Collective Ownership in the Green New Deal

What rural electrification can teach us about a just transition

This year, we once again shattered the record for atmospheric carbon concentration, and witnessed a series of devastating setbacks in US climate policy—from attempts to waive state protections against pipelines to wholesale attacks on climate science. Against this discouraging backdrop, one idea has inspired hope: the “Green New Deal,” a bold vision for addressing both the climate crisis and the crushing inequalities of our economy by transitioning onto renewable energy and generating up to 10 million well paid jobs in the process. It’s an exciting notion, and it’s gaining traction—top Democratic presidential candidates have all revealed plans for climate action that engage directly with the Green New Deal. According to the Yale Project on Climate Communications, as of May 2019, the Green New Deal had the support of 96% of liberal democrats, 88% of moderate democrats, 64% of moderate republicans, and 32% of conservative republicans. In order to succeed, however, a Green New Deal must prioritize projects that are owned and controlled by frontline communities.

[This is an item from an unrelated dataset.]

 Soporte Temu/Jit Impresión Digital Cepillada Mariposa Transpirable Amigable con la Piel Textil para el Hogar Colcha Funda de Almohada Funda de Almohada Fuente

Whose power lines? Our power lines!

Efforts to electrify the rural South during the New Deal present a useful case study for understanding the impact of ownership models on policy success. Up until the mid-1930s, 9 out of 10 Southern households had no access to electricity, and local economies remained largely agricultural. Southern communities were characterized by low literacy rates and a weak relationship to the cash nexus, distancing them from the federal government both culturally and materially. They were also economically destitute—a series of droughts throughout the 20s led to the proliferation of foreclosures and tenant farming. With the initial purpose of promoting employment in the area, the Roosevelt administration launched the Rural Electrification Administration in 1935. The Rural Electrification Act of 1936 sought to extend electrical distribution, first by establishing low-interest loans to fund private utility companies. The utility companies turned them down: private shareholders had little reason to invest in sparsely populated and impoverished counties, whose residents could not be assured to pay for services; private investors lacked the incentive to fund electrification for the communities who needed it most.